We kept scrambling for the top, trying to reach Niemi, trying to win, trying to get it all over with. I got held up by two enemy soldiers in a hole and was attempting to get a shot or two off at them and quickly ducking back down, when a kid I knew from 2nd Platoon, mainly because of his bad reputation, threw himself down beside me, half his clothes blown away. He was begging people for a rifle. His had been blown out of his hands.

He was a black kid, all tangled up in Black Power politics, almost always angry and sullen. A “troublemaker.” Yet here he was, most of his body naked with only flapping rags left of his jungle utilities, begging for a rifle when he had a perfect excuse to just bury his head in the clay and quit. I gave him mine. I still had a pistol. He grabbed it, stood up to his full height, exposing himself to all the fire, and simply blasted an entire magazine at the two enemy soldiers in front of us, killing both. He then went charging into the fight, leaving me stunned for a moment.

Why? Who was he doing this for? What is this thing in young men? We were beyond ourselves, beyond politics, beyond good and evil. This was transcendence.

Many of us had by now worked our way almost to the top of the hill. Fighting was no longer them above and us below. Marines and NVA were all intermingled. Crashing out of the clouds into this confusion came a flaming, smoking twin-rotor CH-46 helicopter. It was making a much-needed ammunition run to the company waiting in reserve and firing support for us from the hill we’d taken several days before. We think the bird got hit by a mortar round as it was coming in; maybe in the confusing and scudding cloud cover the pilot picked the wrong hill, or maybe he did it because he had no choice. The result was the same. Down it came, right where we were assaulting, and the NVA just tore the bird to pieces. Spinning out of control, it smashed right on the very top of the hill, breaking its rotor blades.

I saw Niemi pop into sight again. He sprinted to the downed chopper. He’d watched aghast as the chopper came screaming out of the sky, nearly hitting him. Later he told me it looked like the thing had started sprouting holes as the NVA turned their weapons on it.

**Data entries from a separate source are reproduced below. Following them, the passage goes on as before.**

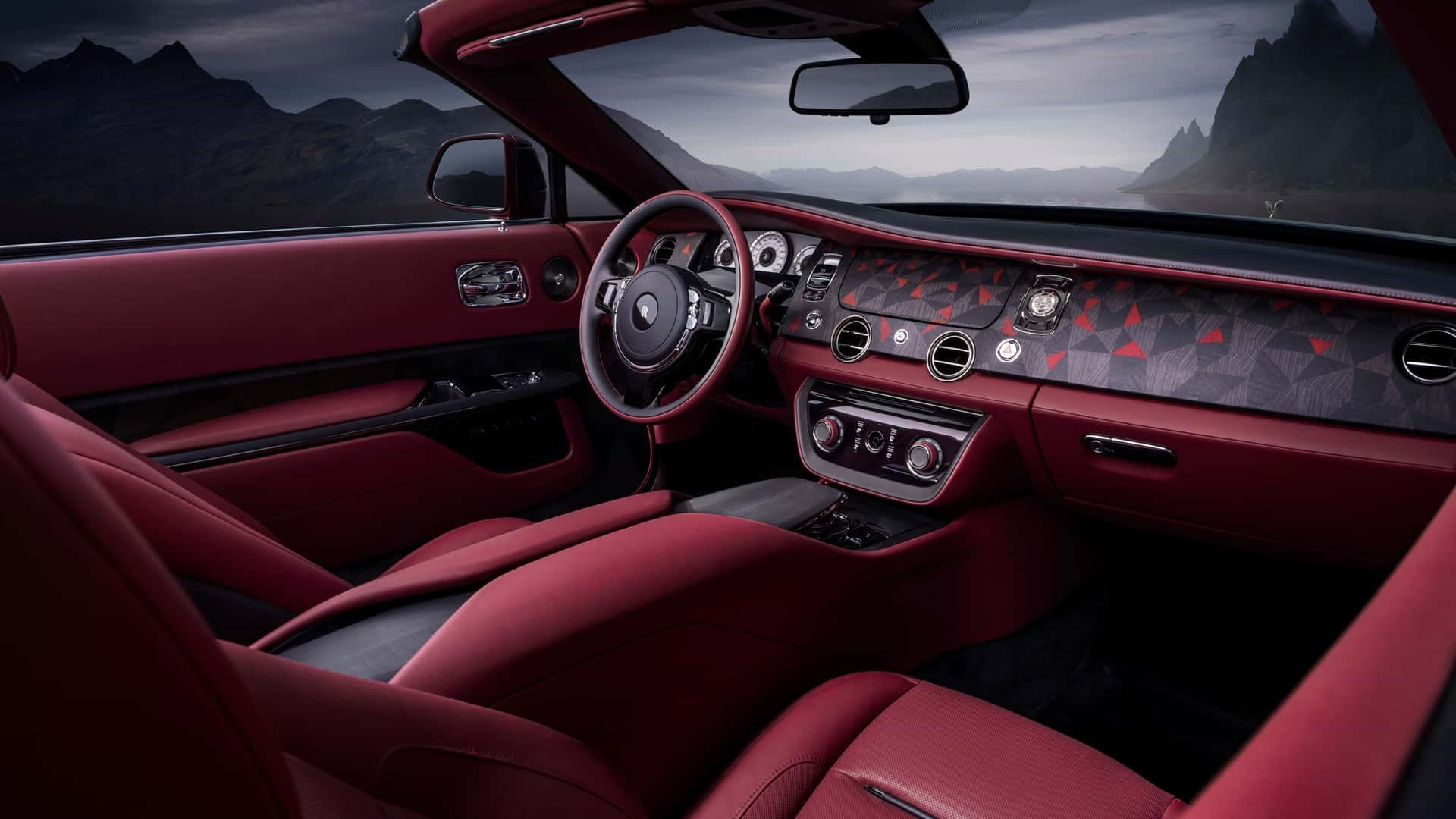 Rolls-Royce'un yeni eseri: La Rose Noire Droptail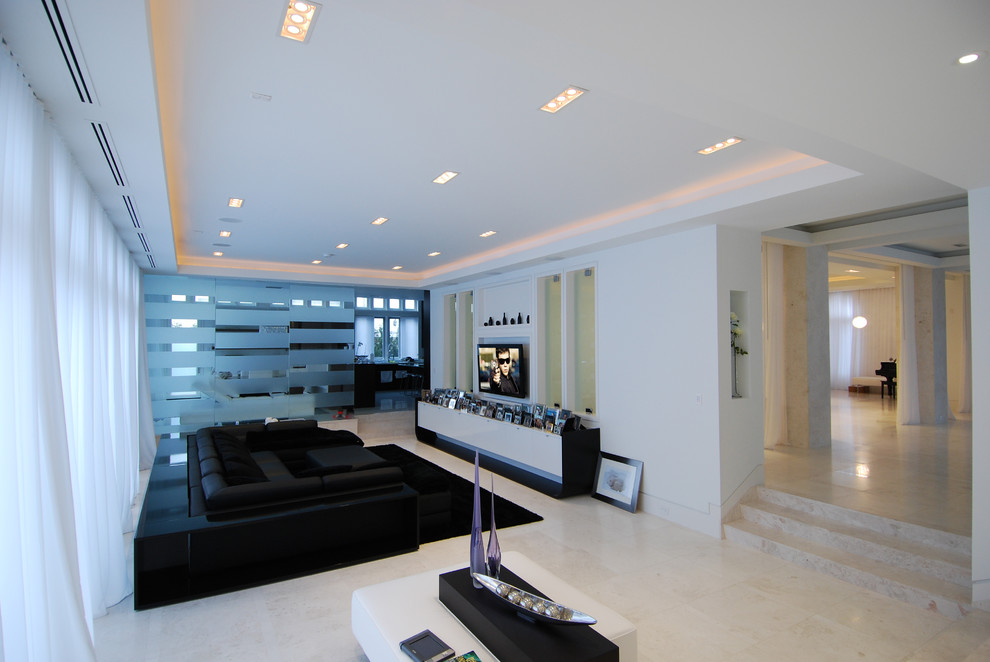 Immagine di un piccolo soggiorno moderno con sala della musica, pareti bianche, pavimento in marmo e TV a parete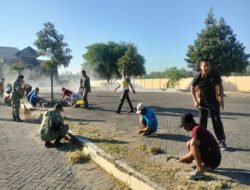 Anggota Kodim Ponorogo Bersama Unsur Terkait Besih Bersih di Lingkungan Monumen Bantaragin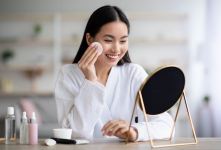 مشخصات یک تونر ایده آل برای پوست خشک + معرفی بهترین گزینه ها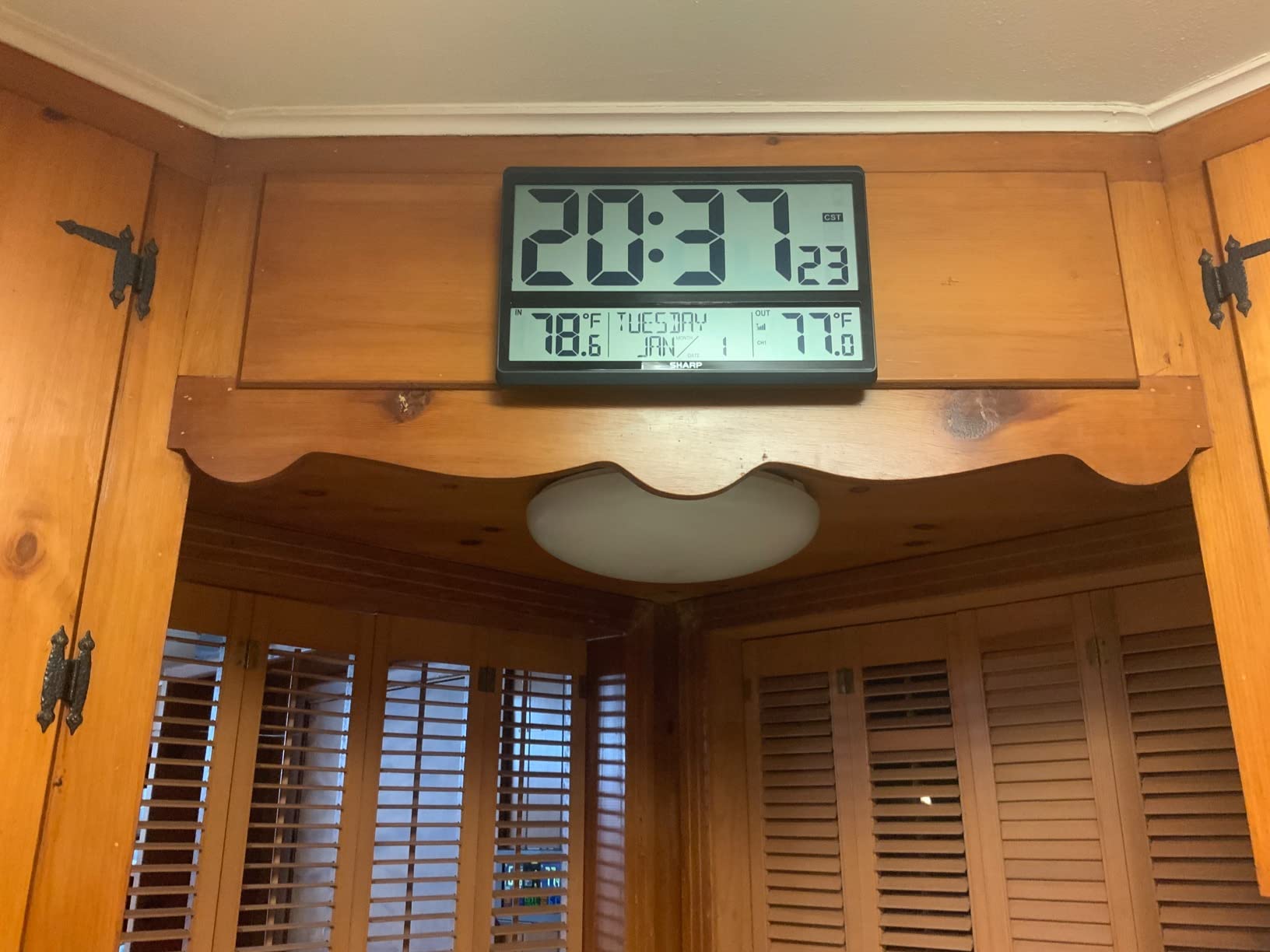 Sharp Atomic Clock with 4-Inch Display, Outdoor Sensor, Battery Powered customer photo 1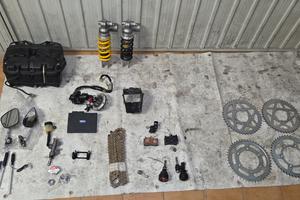 ricambi Yamaha r6 06/16 17>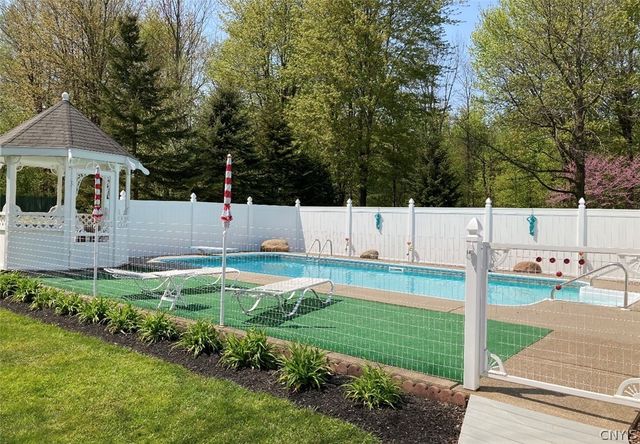 277-283 County Route 8 277, Granby, NY 13069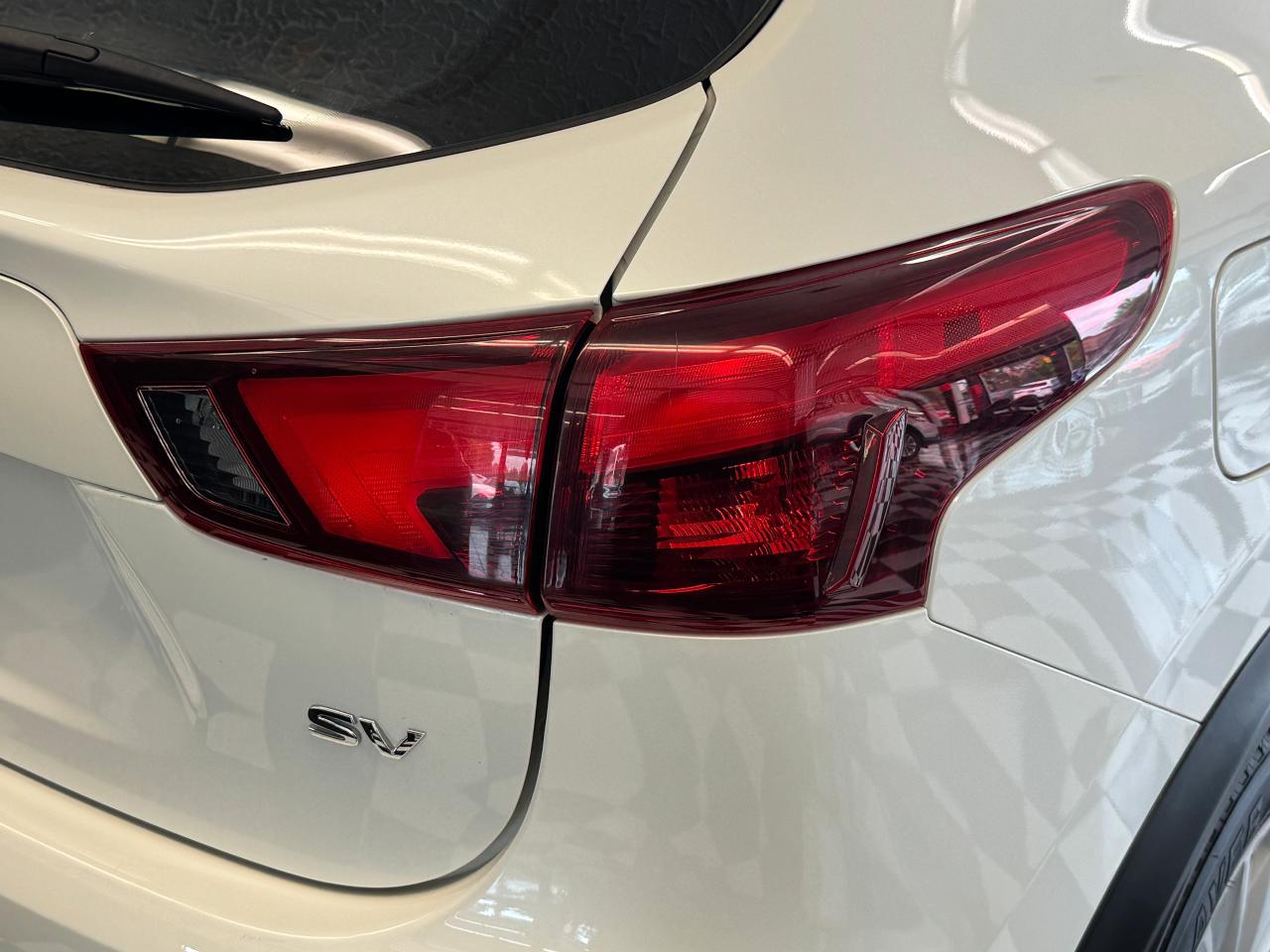 2018 Nissan Qashqai S+Camera+Heated Seats+A/C+CLEAN CARFAX Photo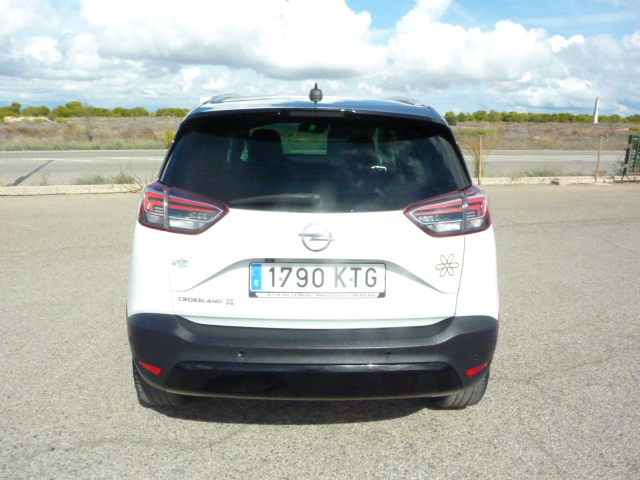 Opel Crossland X — photo 4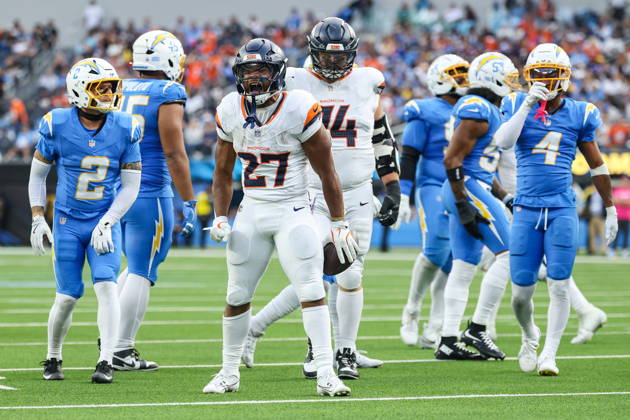 NFL, American Football Herren, USA - Los Angeles Chargers vs Denver Broncos Denver Broncos running back J.K. Dobbins (27) celebrates after running for a first down during the second half of an NFL football game against the Los Angeles Chargers at SoFi Stadium in Inglewood, California, USA, 11 October 2026. INGLEWOOD CALIFORNIA UNITED STATES  Copyright: xCHRISxTORRESx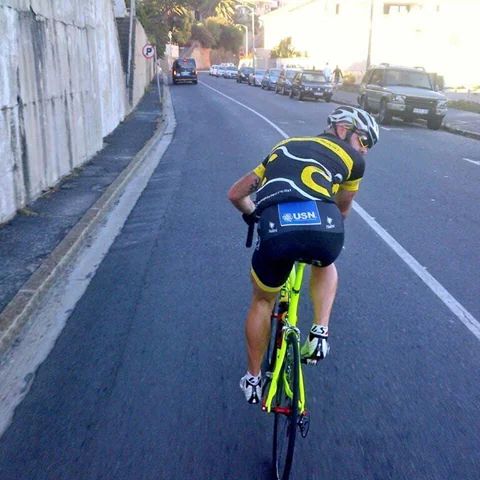 graham_prinsloo's tweet photo. @moonlightmass #selfiestick http://t.co/xx7h8iQxH1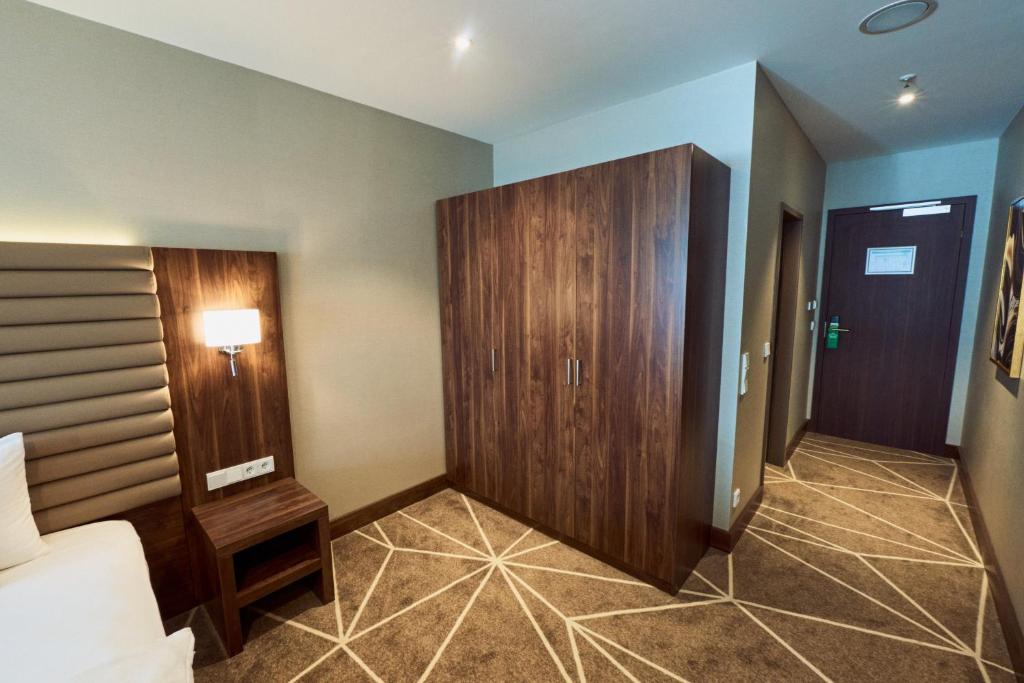 Postel nebo postele na pokoji v ubytování Puzzle Hotel Airport Frankfurt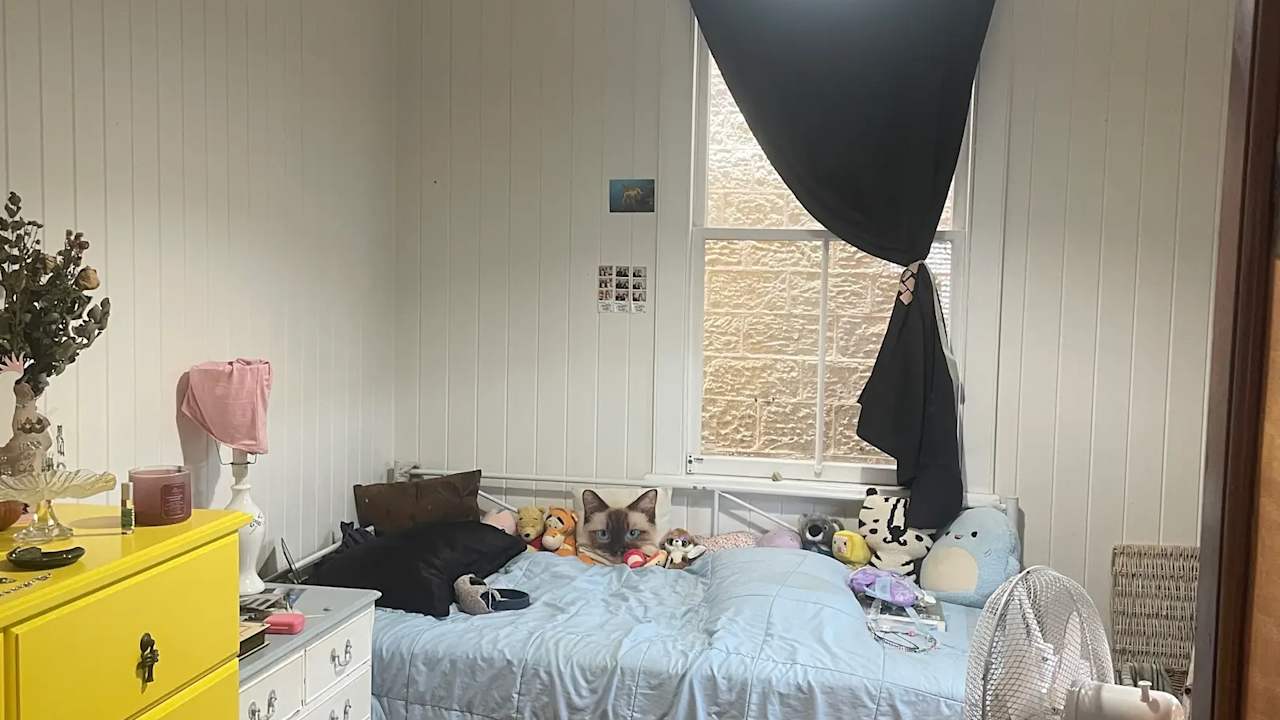 Unfurnished room in a share house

When he saw the crew bail out and crawl under the chopper for cover, the only thing he could think to do was sprint across the open hilltop to try to find a place from which he could lay down fire to protect them. He didn’t debate this. He just did it. It was an unconscious, generous, and potentially sacrificial act.

Many of us coming up the hill saw Niemi sprint into the open. Knowing now that he was still alive and that he and the chopper crew were dead for sure if we didn’t break through to them, we all rushed forward to reach them before the NVA killed them. No one gave an order. We, the group, just rushed forward all at once. We couldn’t be stopped. Just individuals of us were stopped, many forever. But we couldn’t be. This, too, is a form of transcendence. I was we, no longer me.

Lance Corporal Steel, 19, who’d been acting platoon commander until I reorganized things and was now acting platoon sergeant, got there first. The crew was so grateful and happy they gave their pistols away. I got the pilot’s .38 Smith and Wesson.

Niemi got a Navy Cross.

I got a Navy Cross.

The helicopter pilot got a front-page newspaper story with the headline, copter ‘crashes’ enemy party, takes hill.

The kid who borrowed my rifle didn’t get anything.